§ YOUR TASK: From the entries below, print exactly the span beginning with the line holding "This is the end" and ending with the line holding "I'd also recommend", endpoints included, and skip any pictures.

[[ GIVEN RECORDS open ]]

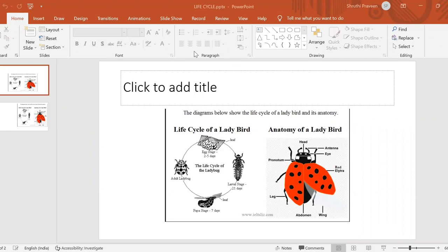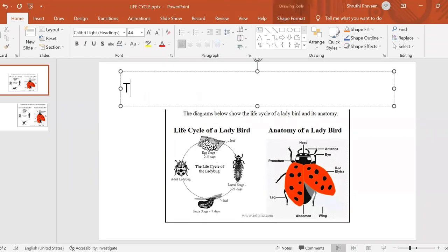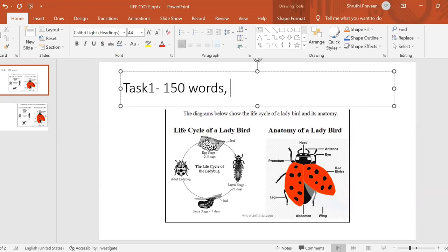Hello students, welcome back to Florence Academy. Today we look at a life cycle. Life cycle questions are extremely rare, but you should know how to handle one if it is asked. This is your IELTS Task 1 academic writing. You have to write a minimum of 150 words and the time you can use is 15 to 20 minutes.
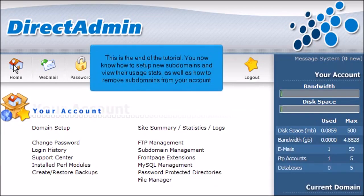This is the end of the tutorial. You now know how to set up new subdomains and view their usage stats, as well as how to remove subdomains from your account.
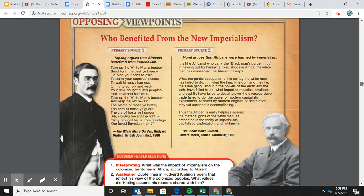We talked about the white man's burden, and then there was Edward Morel — a British journalist in 1903 — who had his eyes opened to the hellish things going on in Africa. He came up with the phrase 'the Black Man's Burden.' If you ever get a short answer question about colonialism in Africa and you can correctly use 'the Black Man's Burden' by Edward Morel, that would be like an instant point — because we hear so much about the white man's burden, but the exact opposite is this phrase.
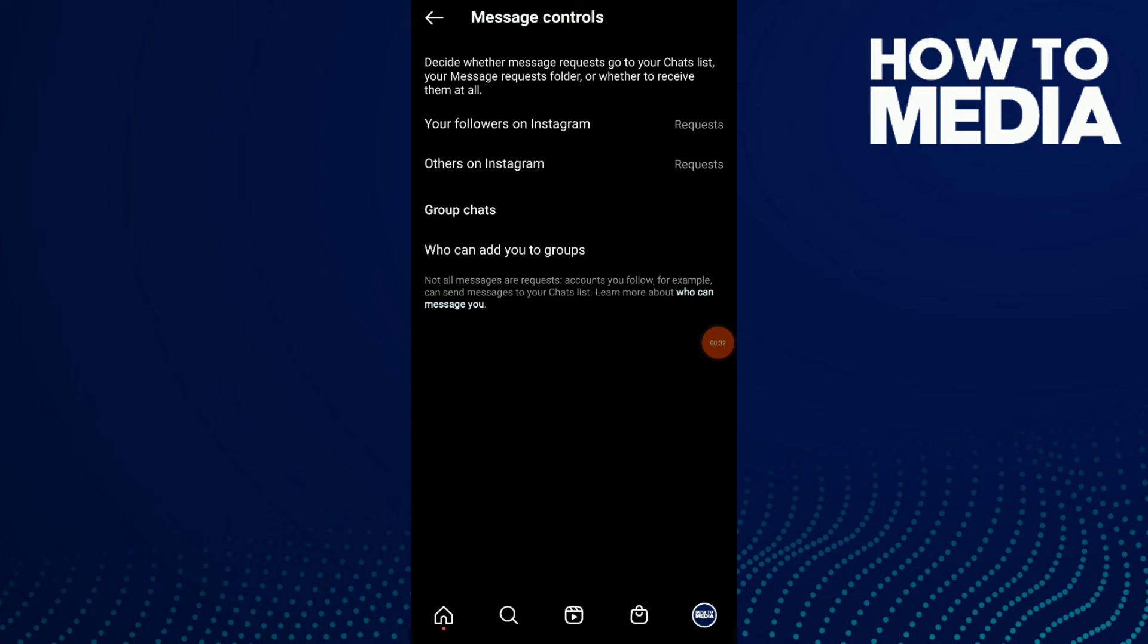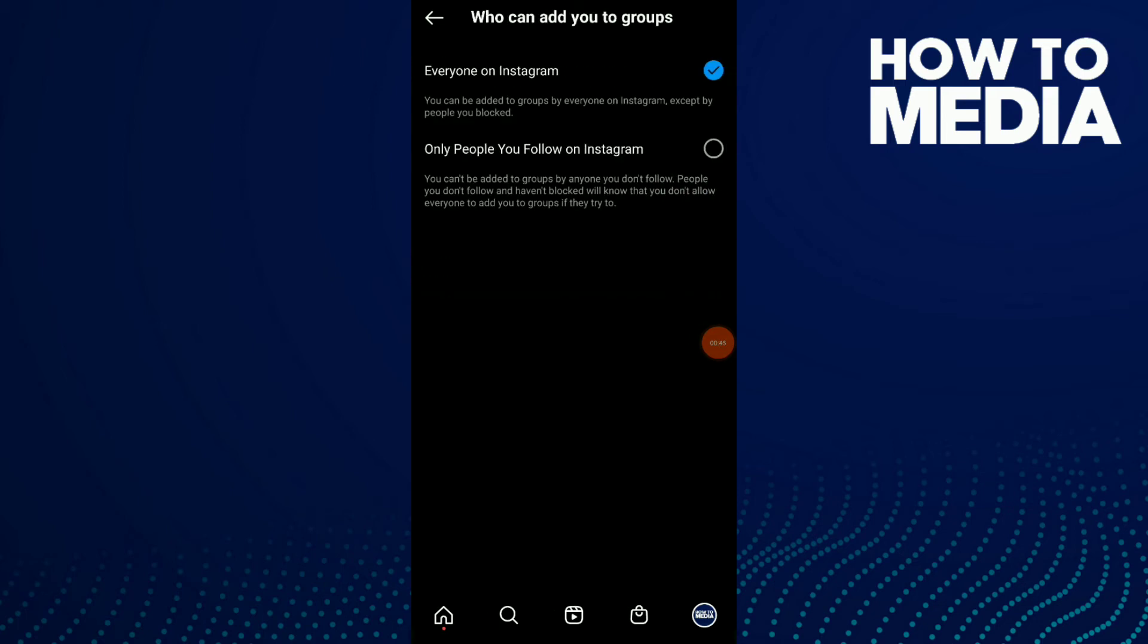Click on who can add you to groups and choose either everyone on Instagram or only people you follow on Instagram. I'm going to click on only people I follow on Instagram.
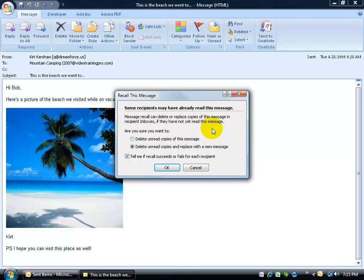If they haven't, what will happen is that it will recall the message off the Exchange server, but it will still have a copy in their inbox. The interesting thing is that when they double click to open up that copy, it will just say that Kurt Kershaw recalled this message and then you click OK. They don't know what the message is, but it just says that Kurt recalled it.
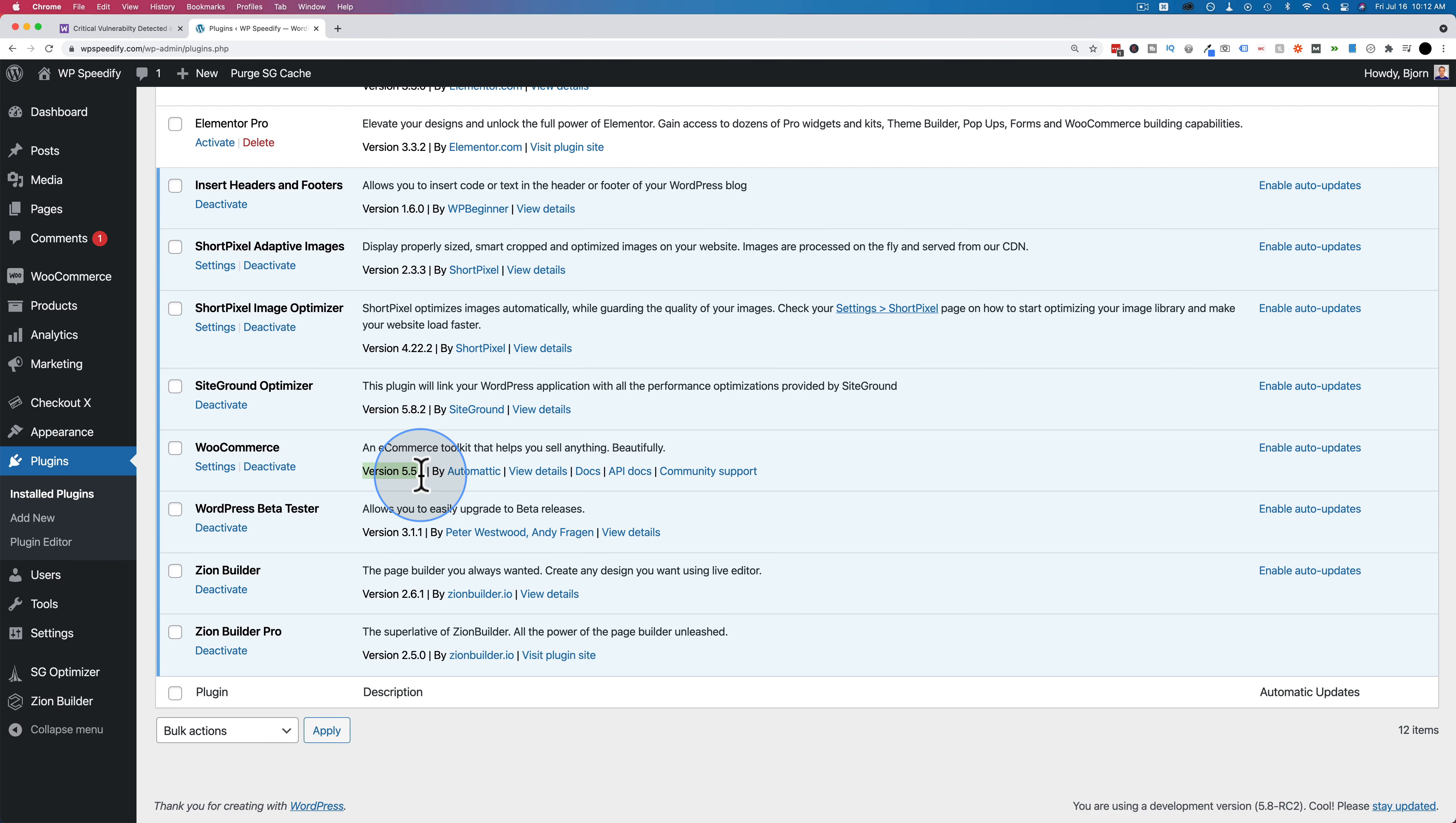I'd also recommend backing up your site before you do it. Just in case something goes wrong with the update, it's best to have a backup that you can revert back to. I have a tutorial to help you with backups if you need help. It's linked in the card up above and in the description down below.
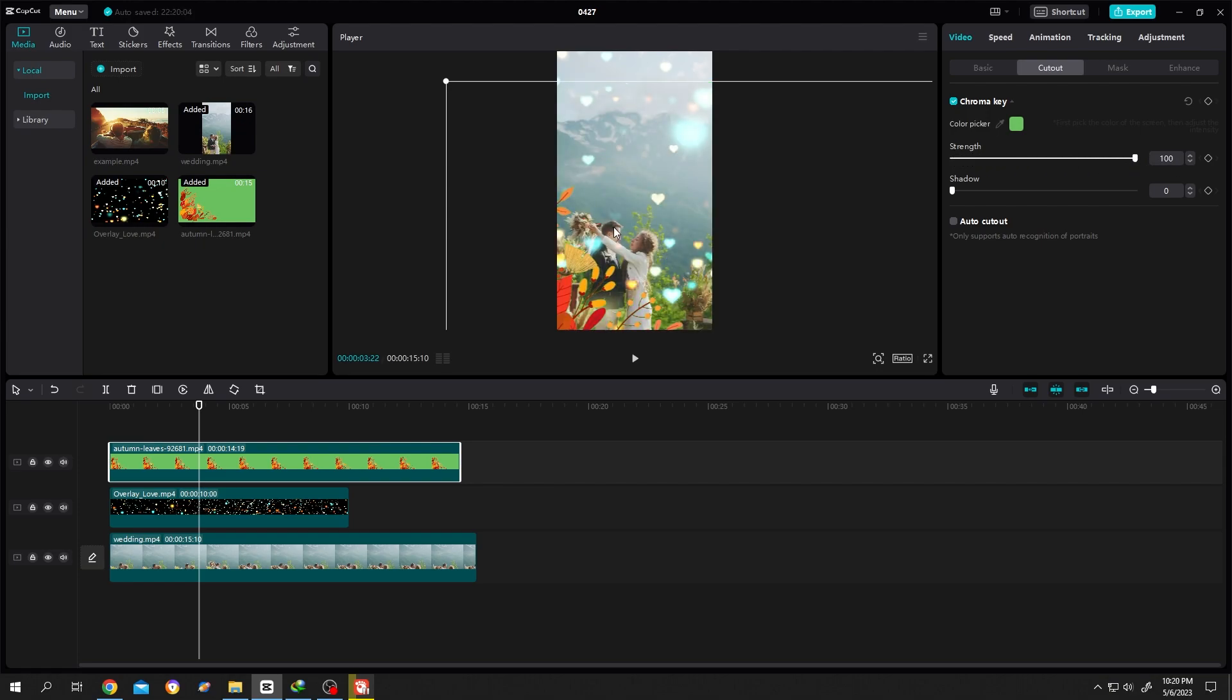But as our green screen don't have any realistic shadow, for us, the shadow slider is totally invalid. So let's see what we have.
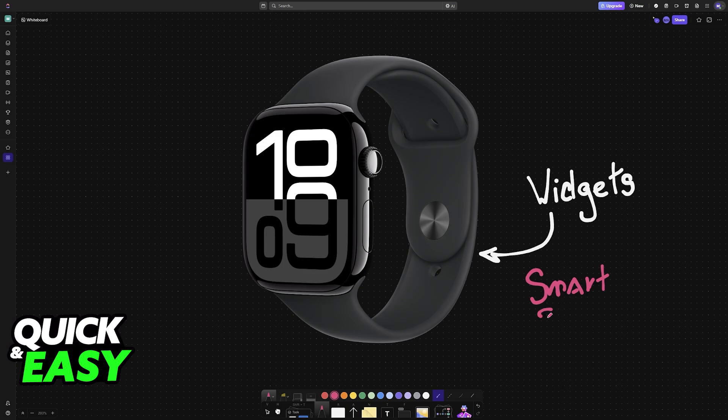I'm going to teach you how to access Smart Stack, how to customize the widgets, and how to make sure that their order is always set up according to your preferences.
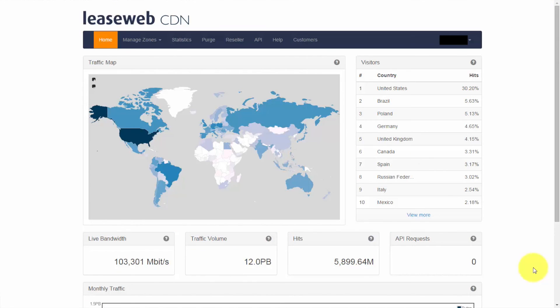If you have any more questions or want more information, please contact us at sales at LeaseWeb.com. Thank you for watching.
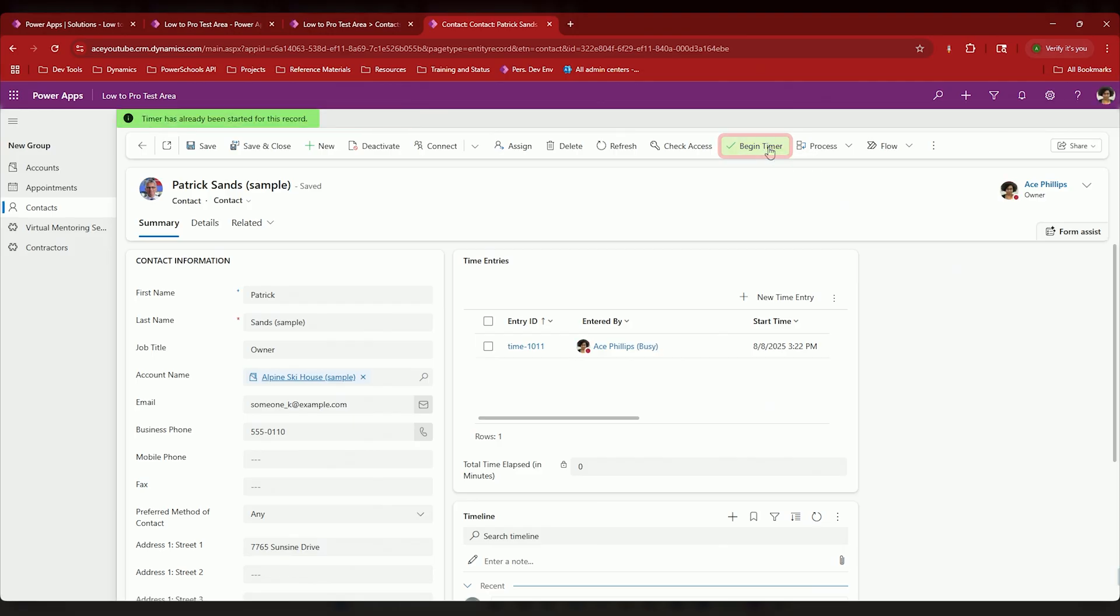All right, if I click it again, it says hey, the timer has already been started for this record. What are you doing? Stop it.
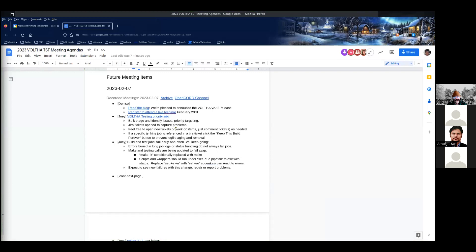Good morning. This is the weekly VOLFA TST meeting. We are obviously recording this for posterity. I don't know if Mahir will be joining us, but Amit is at the dentist right now, so he might be a little bit late. So for the agenda, I put a few items in here. If anybody would like to add any, feel free.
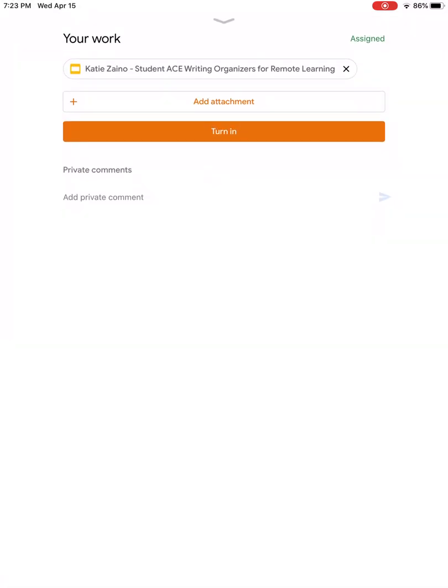So if you notice up at the top it'll have the Google Slide and what's really great is it saves the copy under your name, so it should say your name and then what the name of the file is that you're working in.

[[ GIVEN RECORDS closed ]]

§ TASK RESPONSE:
This is the end of the tutorial. You now know how to set up new subdomains and view their usage stats, as well as how to remove subdomains from your account.
We talked about the white man's burden, and then there was Edward Morel — a British journalist in 1903 — who had his eyes opened to the hellish things going on in Africa. He came up with the phrase 'the Black Man's Burden.' If you ever get a short answer question about colonialism in Africa and you can correctly use 'the Black Man's Burden' by Edward Morel, that would be like an instant point — because we hear so much about the white man's burden, but the exact opposite is this phrase.
Click on who can add you to groups and choose either everyone on Instagram or only people you follow on Instagram. I'm going to click on only people I follow on Instagram.
If they haven't, what will happen is that it will recall the message off the Exchange server, but it will still have a copy in their inbox. The interesting thing is that when they double click to open up that copy, it will just say that Kurt Kershaw recalled this message and then you click OK. They don't know what the message is, but it just says that Kurt recalled it.
I'd also recommend backing up your site before you do it. Just in case something goes wrong with the update, it's best to have a backup that you can revert back to. I have a tutorial to help you with backups if you need help. It's linked in the card up above and in the description down below.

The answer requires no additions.